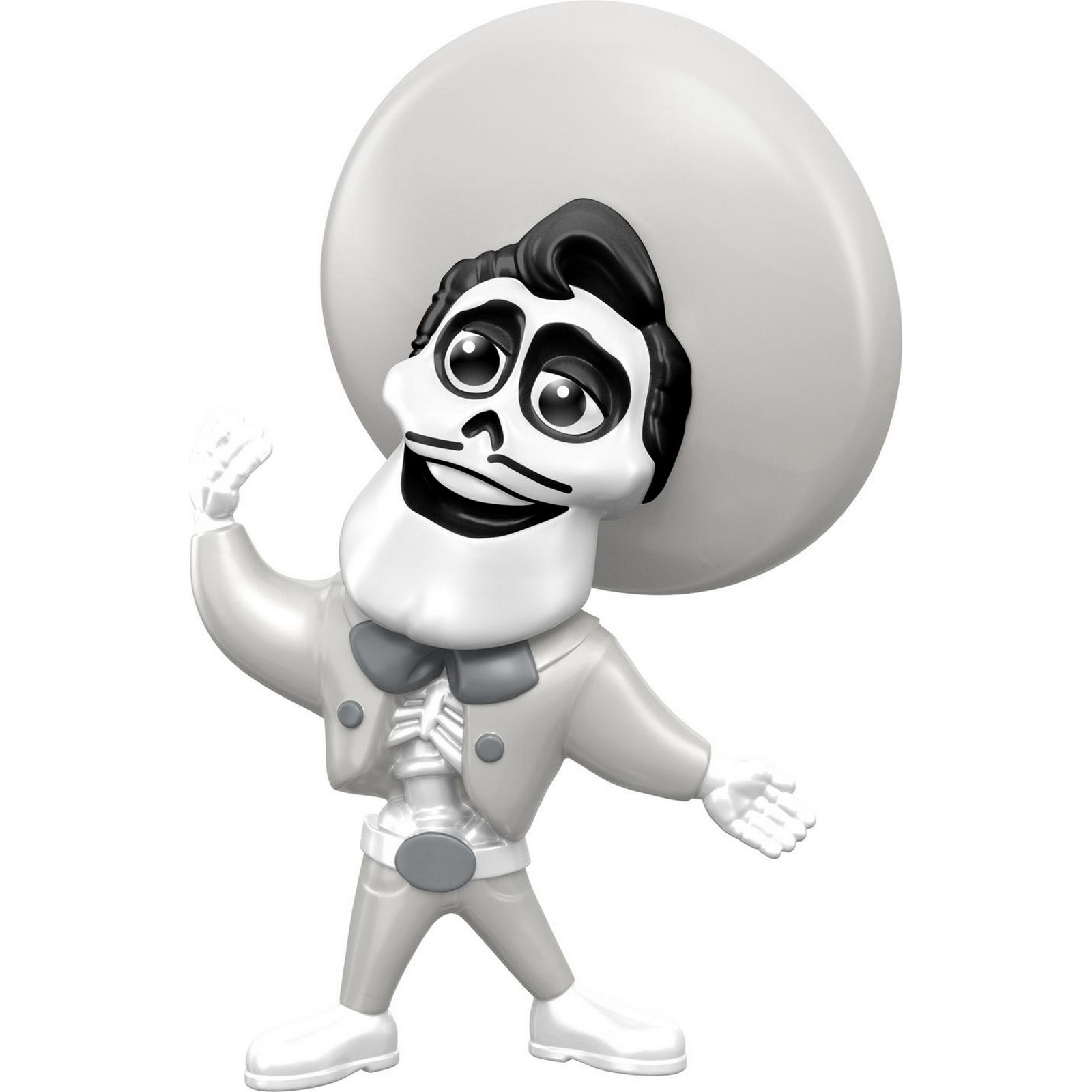 Фигурка Pixar - фото 41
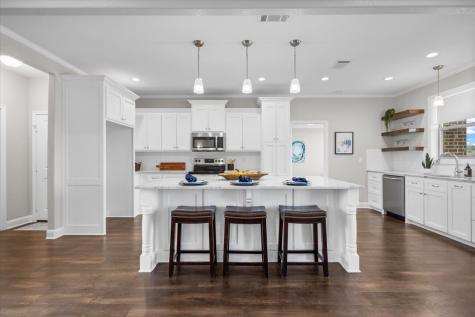 2009 Grassy Ridge Lane Tyler TX 75703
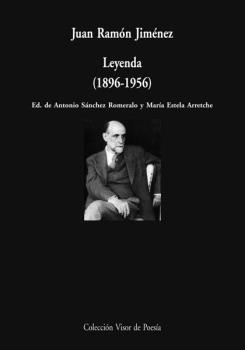 LEYENDA, 1896-1956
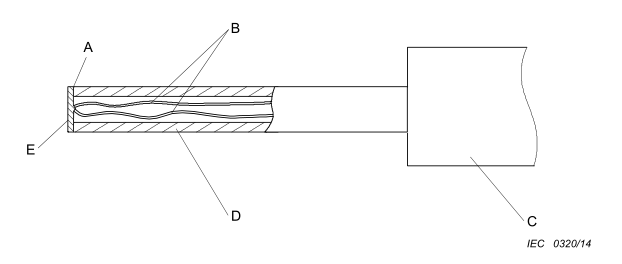 head impulse test in vestibular neuritis
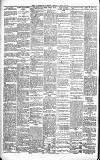 Glamorgan Gazette Friday 01 March 1895 Page 8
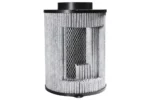 GARTEN HIGHPRO - PROAKTIVER AKTIVKOHLEFILTER – Bild 9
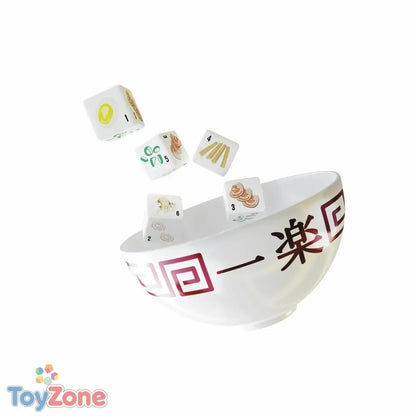 V2H2BACEDCC096E1A131D60C9D88D4BADC2R7048231P3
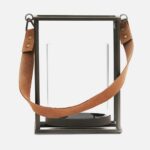 Подсвечник Montreux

• • • • •

=== WHAT TO PRODUCE ===
Repeat only the lines between the top of the entries above and the line containing "GARTEN HIGHPRO - PROAKTIVER", both ends included, without the pictures.

=== RESPONSE BOX ===
 Фигурка Pixar - фото 41
 2009 Grassy Ridge Lane Tyler TX 75703
 LEYENDA, 1896-1956
 head impulse test in vestibular neuritis
 Glamorgan Gazette Friday 01 March 1895 Page 8
 GARTEN HIGHPRO - PROAKTIVER AKTIVKOHLEFILTER – Bild 9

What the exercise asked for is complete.